A government panel started discussions Tuesday on how to address repercussions in the Tokyo Metropolitan Area in the event Mount Fuji erupts, with falling volcanic ash likely to push the capital into chaos.
Mount Fuji, Japan’s highest peak at 3,776 meters and lying about 100 kilometers from central Tokyo, is an active volcano with a history of a number of major eruptions.
The Central Disaster Management Council will assess the speed and scope in which volcanic ash will fall, and its influence on transportation infrastructure and electricity and water supplies, in the case of an eruption.

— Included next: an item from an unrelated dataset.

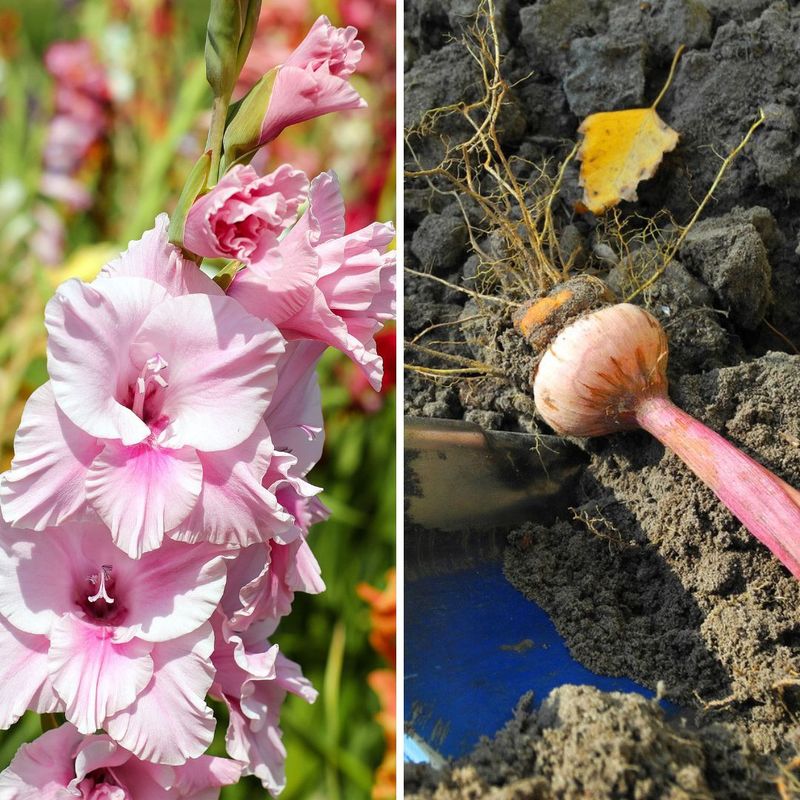 Save the best corms for next summer’s display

The 14-member working group at the council, led by Toshitsugu Fujii, a professor emeritus at the University of Tokyo, aims to draw up a proposal within a year that will likely be reflected in local municipalities’ disaster management plans.
The group will assume numerous scenarios, reflecting volume of volcanic ash, wind direction and length of eruption, using references from the previous eruption of Mount Fuji in 1707.
It will assess the accuracy of a previous estimate, made by another government panel, that there would be up to 10 centimeters of volcanic ash in Tokyo in the event of an eruption.
The working group will also discuss steps to discard and store fallen ash from the eruption.
According to historical records, Mount Fuji’s 1707 eruption lasted for 16 days, piling 4 centimeters of volcanic ash near what is now central Tokyo. The mountain has not erupted since then, with no signs of volcanic activity observed since the 1960s.